#### Problem requirements:
The records that follow should be copied out exactly, pictures excluded.

#### Dataset items:
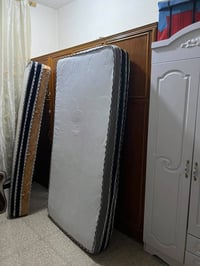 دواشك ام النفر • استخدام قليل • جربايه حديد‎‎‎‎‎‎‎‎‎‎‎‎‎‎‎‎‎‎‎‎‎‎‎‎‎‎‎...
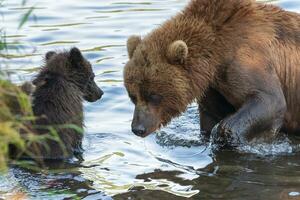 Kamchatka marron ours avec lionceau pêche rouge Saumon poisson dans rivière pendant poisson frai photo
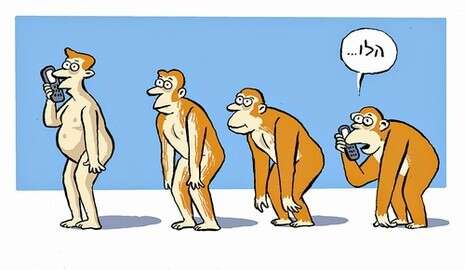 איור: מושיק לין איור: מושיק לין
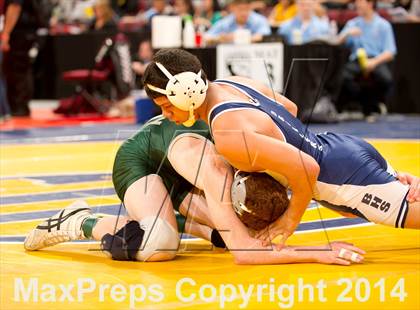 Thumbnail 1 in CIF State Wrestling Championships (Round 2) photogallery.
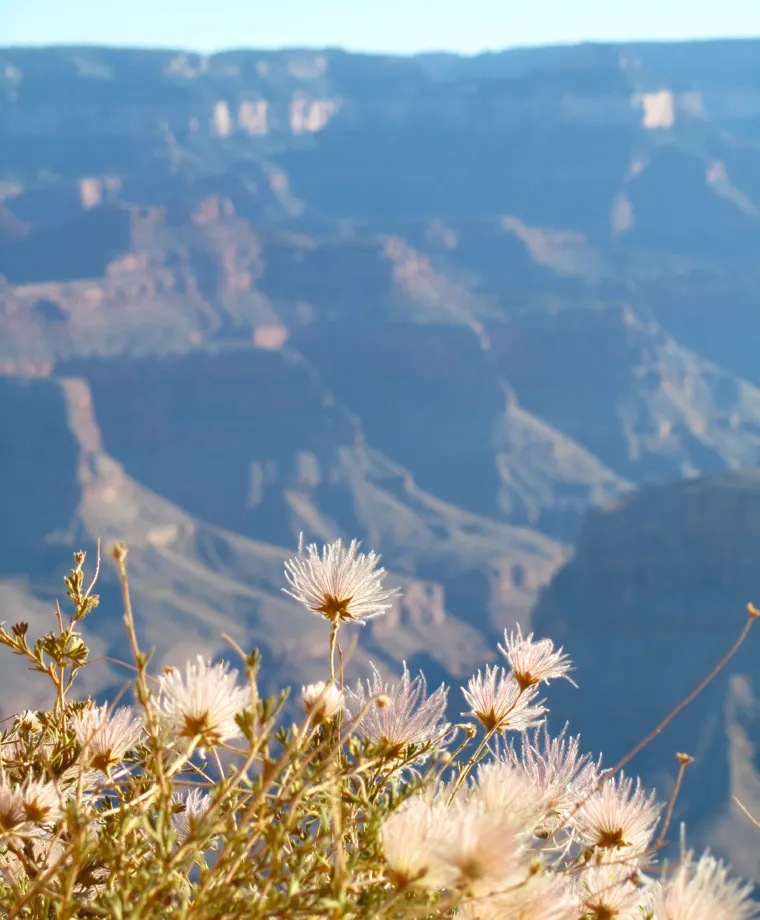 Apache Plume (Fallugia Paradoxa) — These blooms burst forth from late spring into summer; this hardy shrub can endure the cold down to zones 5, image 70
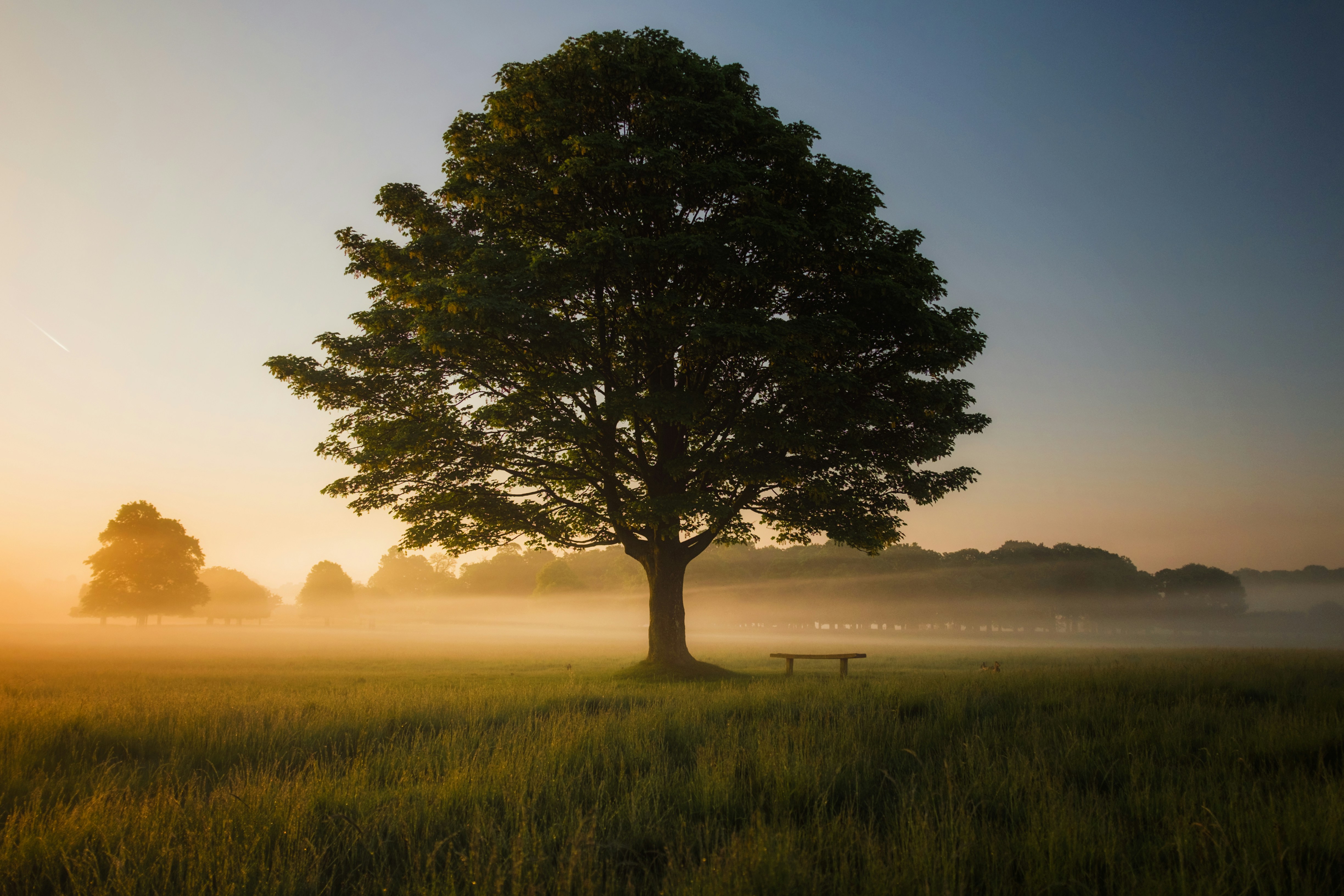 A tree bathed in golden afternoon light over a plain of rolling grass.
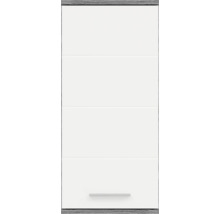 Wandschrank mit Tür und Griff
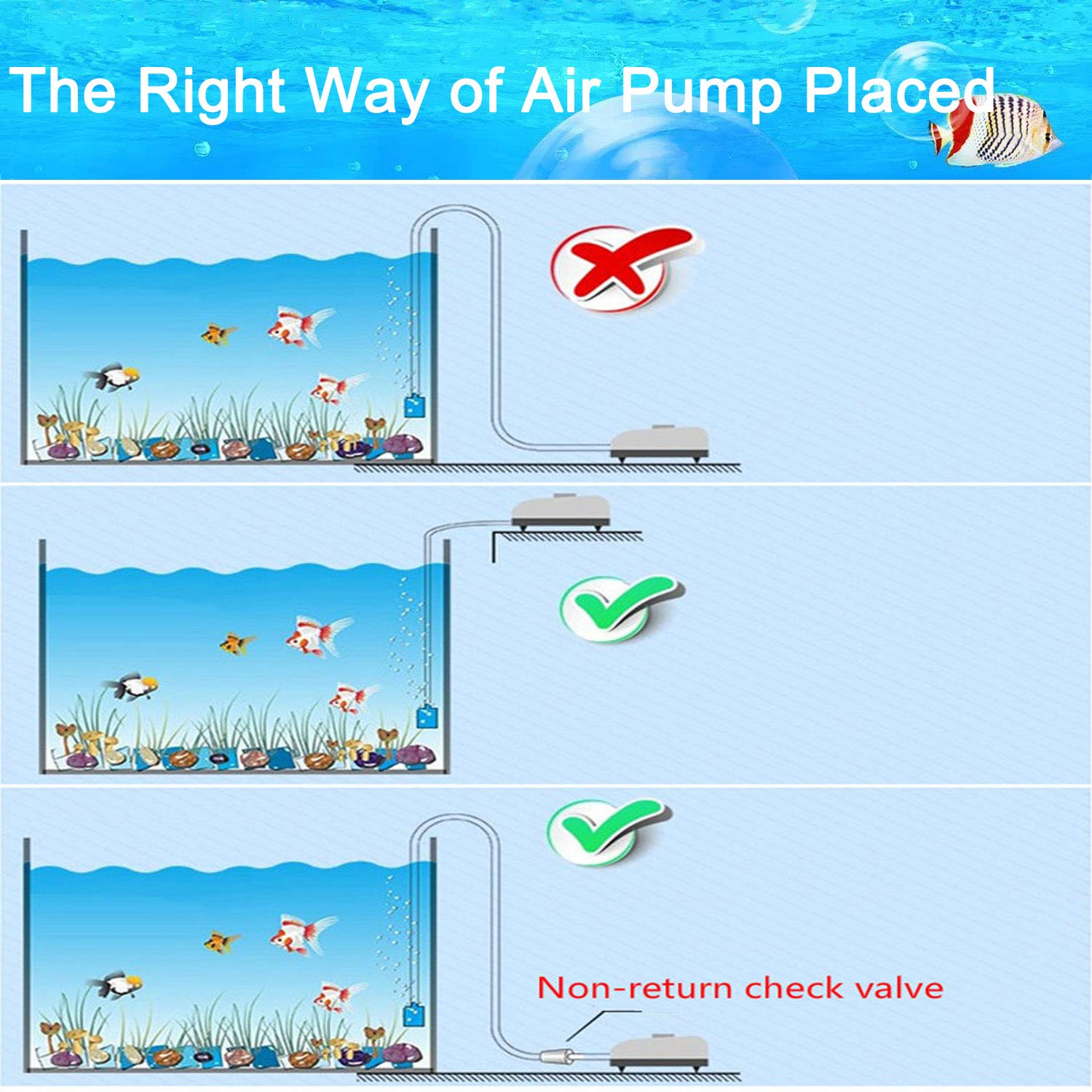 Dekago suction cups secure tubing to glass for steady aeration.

#### Result for this task:
 دواشك ام النفر • استخدام قليل • جربايه حديد‎‎‎‎‎‎‎‎‎‎‎‎‎‎‎‎‎‎‎‎‎‎‎‎‎‎‎...
 Kamchatka marron ours avec lionceau pêche rouge Saumon poisson dans rivière pendant poisson frai photo
 איור: מושיק לין איור: מושיק לין
 Thumbnail 1 in CIF State Wrestling Championships (Round 2) photogallery.
 Apache Plume (Fallugia Paradoxa) — These blooms burst forth from late spring into summer; this hardy shrub can endure the cold down to zones 5, image 70
 A tree bathed in golden afternoon light over a plain of rolling grass.
 Wandschrank mit Tür und Griff
 Dekago suction cups secure tubing to glass for steady aeration.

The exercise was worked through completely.